| What the task requires |
Print every record exactly as it appears. Leave the pictures out.

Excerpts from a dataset
══════════
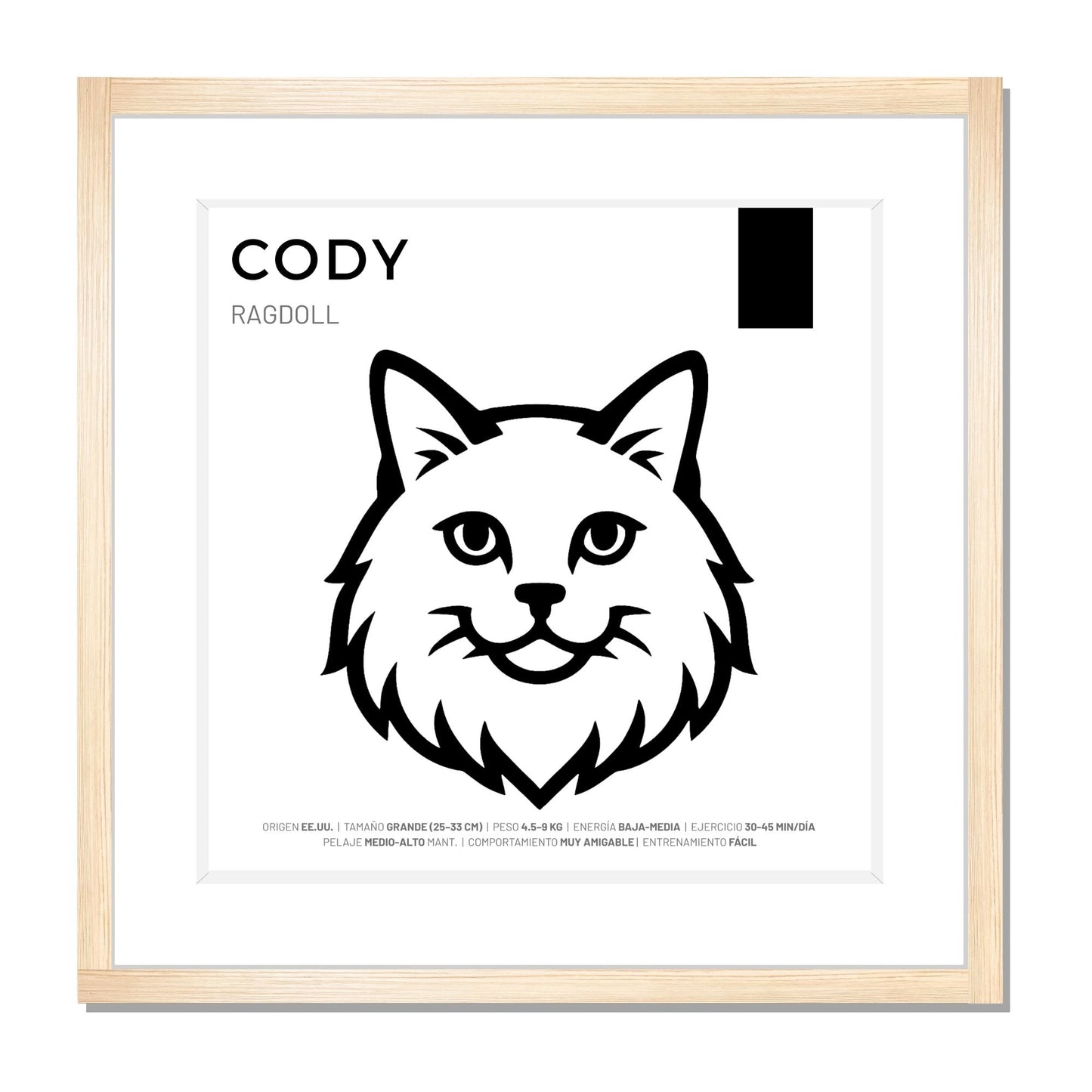 Ragdoll — Cuadro de mascota personalizado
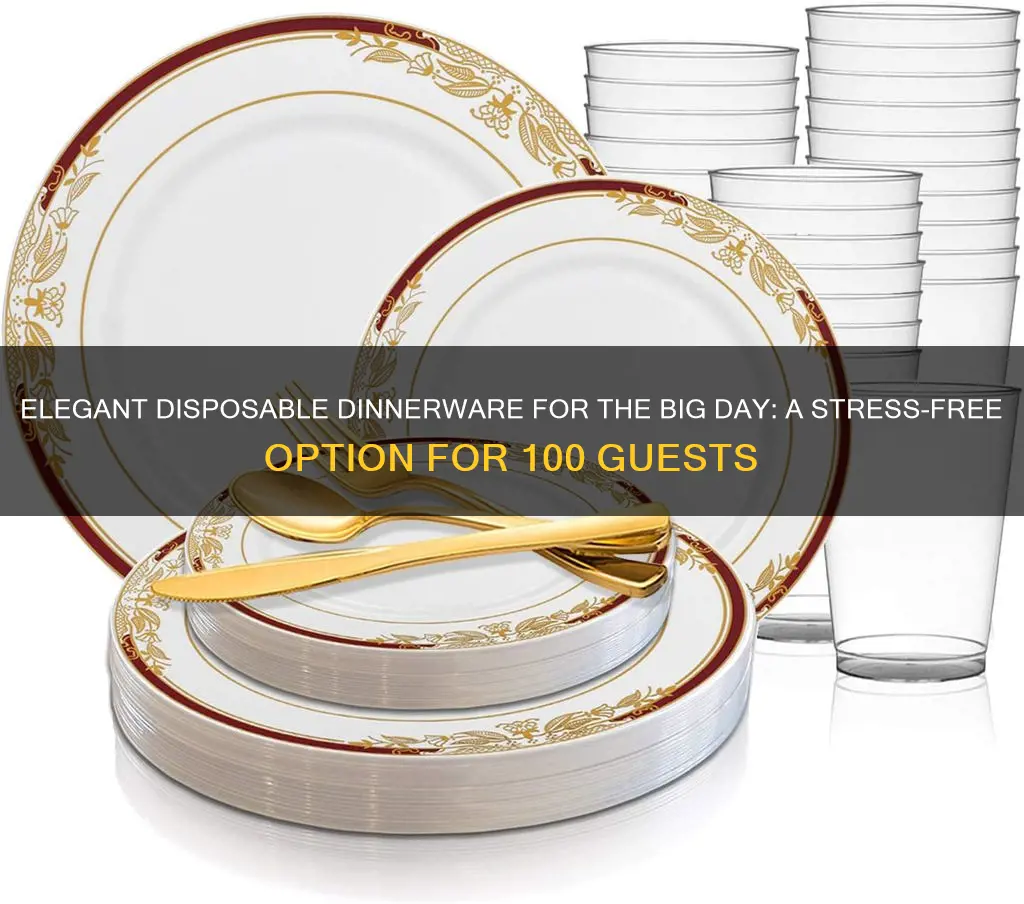 disposable wedding dinnerware sets for 100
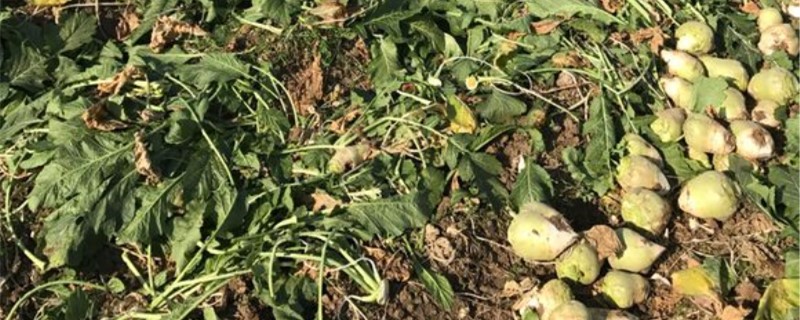 芥菜头的养殖方法 芥菜头的养殖方法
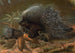 Stachelschwein - John George Wood — Ansicht des Kunstwerks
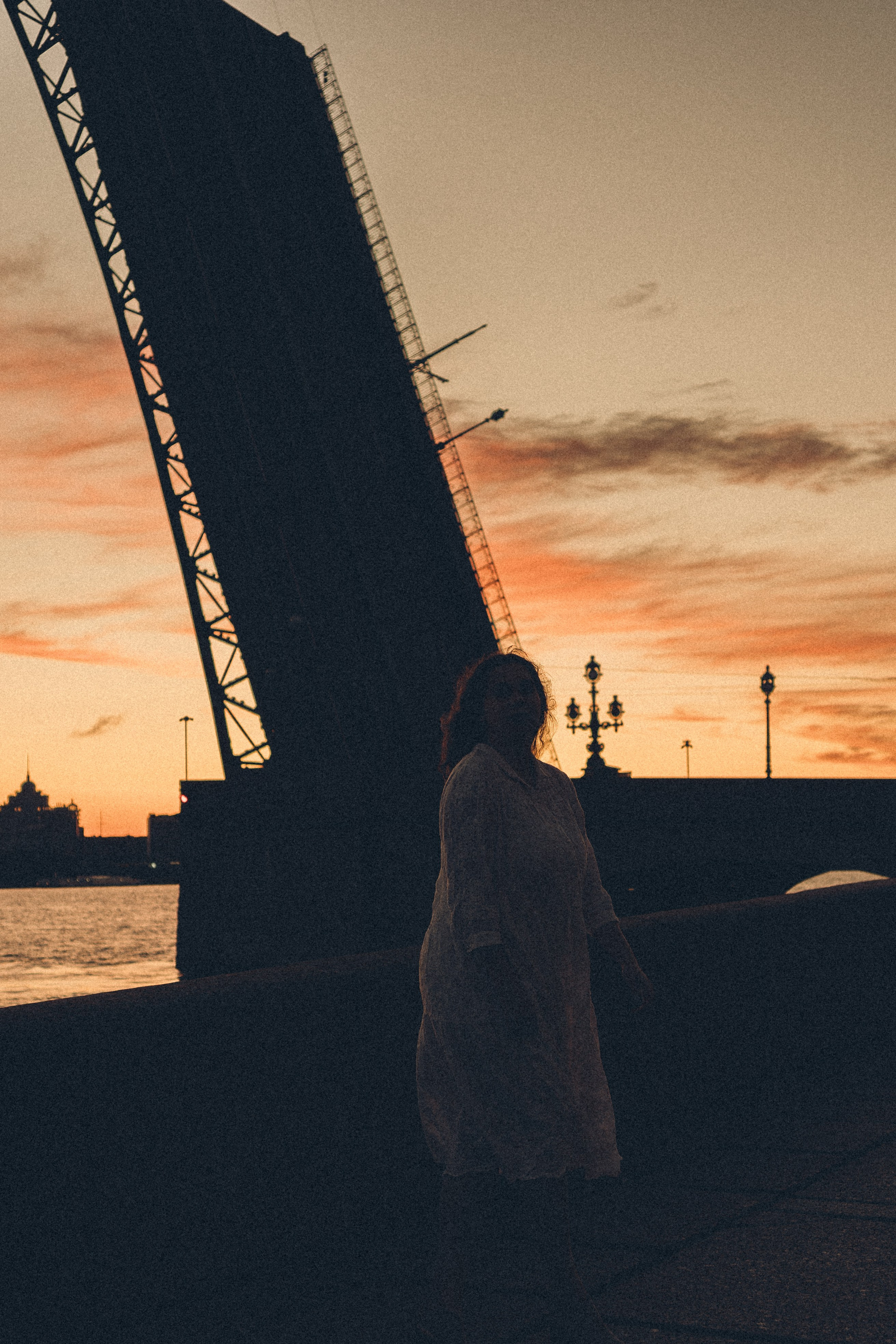 РАССВЕТ С РАЗВОДНЫМИ МОСТАМИ. Профессиональный фотограф, Санкт-Петербург — Виктория Богомолова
══════════
| Answer for the task |
 Ragdoll — Cuadro de mascota personalizado
 disposable wedding dinnerware sets for 100
 芥菜头的养殖方法 芥菜头的养殖方法
 Stachelschwein - John George Wood — Ansicht des Kunstwerks
 РАССВЕТ С РАЗВОДНЫМИ МОСТАМИ. Профессиональный фотограф, Санкт-Петербург — Виктория Богомолова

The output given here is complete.